There are various
practices that are used to lock-in customers so that they continue to purchase
a service or reorder a product rather than switching to a competitor. Term contracts for services such as cable
television and wireless phones are common examples: the customer must
repurchase each month and must pay fees to cancel their contract. This is meant to add to the cost and
inconvenience of switching – but more importantly to make the customer feel
that they are committed so that they don’t even consider switching or
terminating service.
There are also switching
costs to products – such as the cost of replacing a library of videotapes with
DVDs when changing to a different kind of player, retraining employees when
changing to a different software package, and so on. These costs are often described in terms of
the money price, but there is also a psychological effort involved when it
comes to consumer products. It’s simply
less pleasant to have to deal with a new product or a new provider, even if the
cost and time involved is the same.
The difference between as switching cost and a lock-in is that the
latter is intentionally created by a supplier.
Likewise, there are
strategic differentiations that a firm uses to entice customers to repurchase:
offering a unique product or feature, selling at a lower price, having a long
duration, and so on. It is arguable whether
these are lock-in tactics because they give the buyer a reason to prefer their
brand, but the buyer doesn’t lose anything by purchasing a different brand.
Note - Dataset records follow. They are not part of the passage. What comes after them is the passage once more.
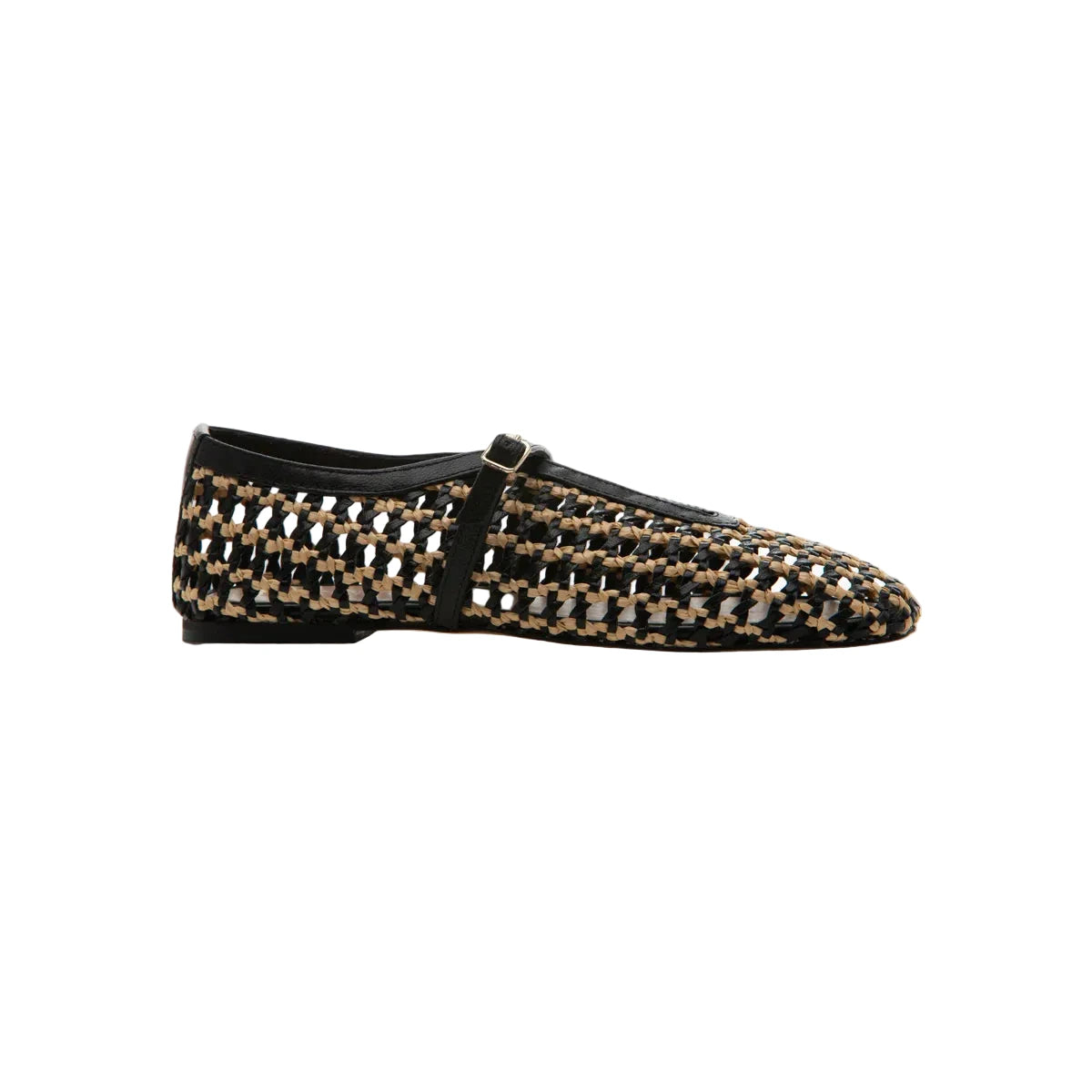 Woven Mary Jane with black and natural raffia colouring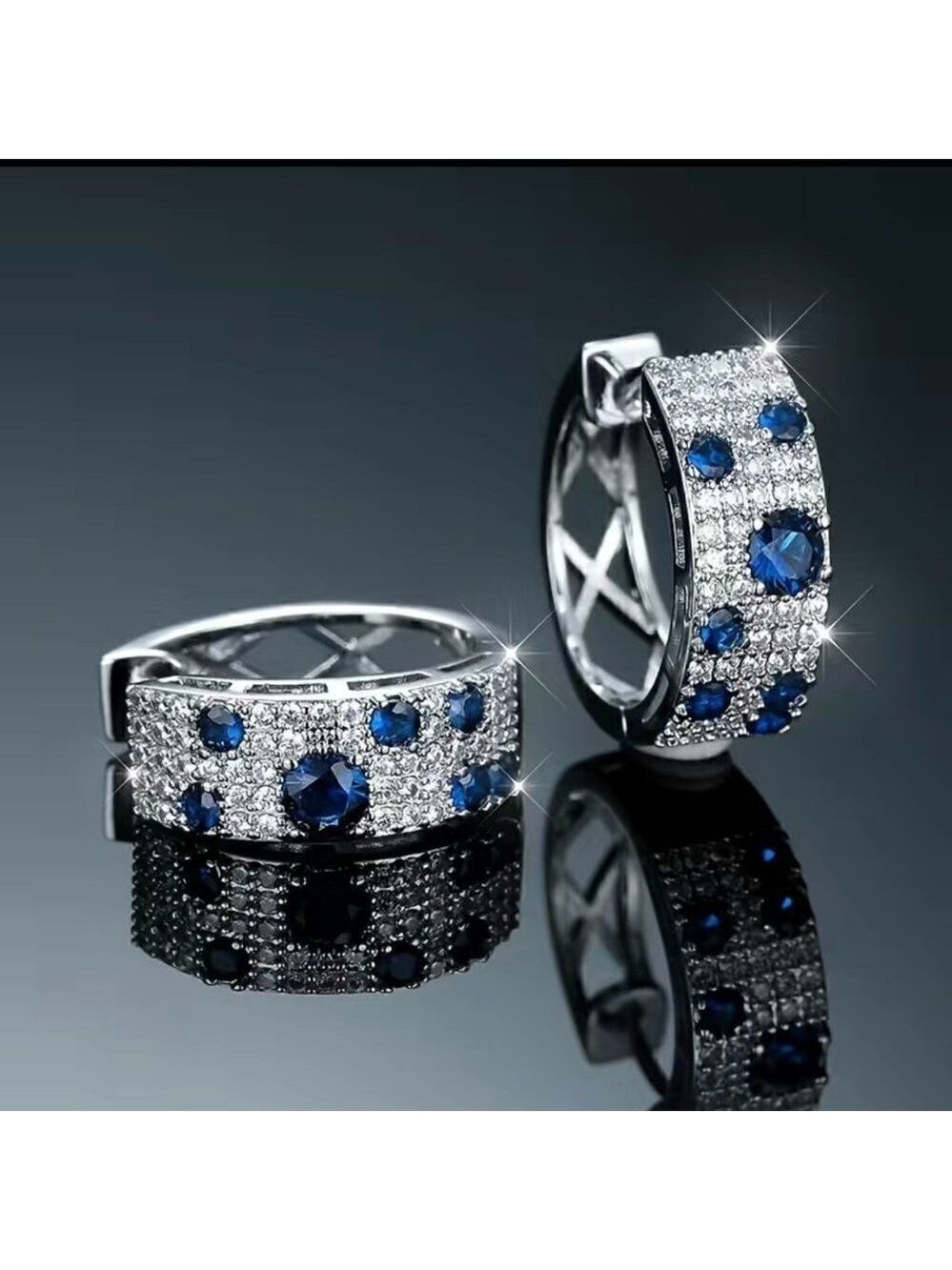 Medium Sized Huggie Earrings with Blue Stones and Tons of Bling #648
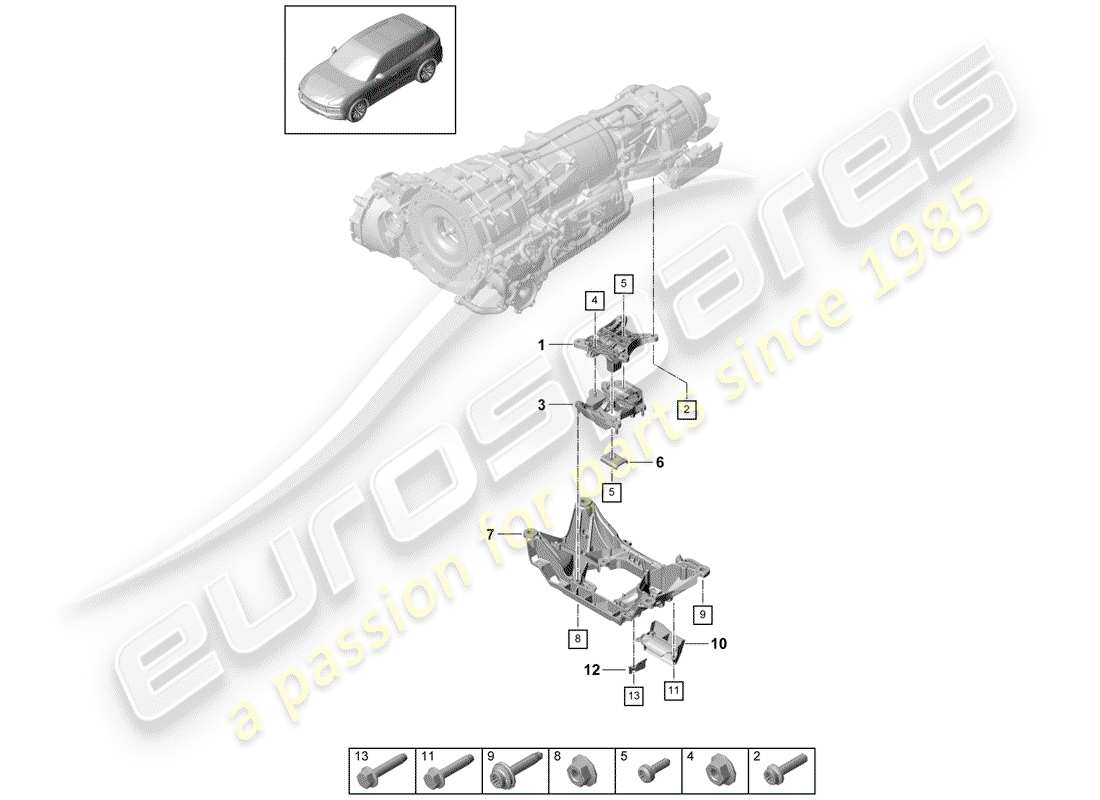 porsche 2018 (cayenne e3 9ya/9yb) montaggio del cambio diagramma delle parti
There’s a specific mention
of the social and emotional involvement with a brand. When a customer feels a social connection to
a person who provides them with service, or a social connection to other
customers of the brand, this causes them to be reluctant to leave. However, unless this is set up intentionally,
it is not a lock-in. And in some instances,
this works against the brand (when a hairdresser leaves a salon, her customers
will often follow her because their attachment to the employee is stronger than
their attachment to the brand.)
Customers can also become
emotionally attached to the brand itself when it becomes a part of their
identity. A person who feels they are a
Cadillac-driver is inclined to purchase the brand even if there is no
connection to their salesman or the dealership, even if it is less suitable and
more expensive than other brands. While
brands covet this level of commitment and seek to foster it, it is ultimately
the choice of the customer to become and remain loyal to a brand.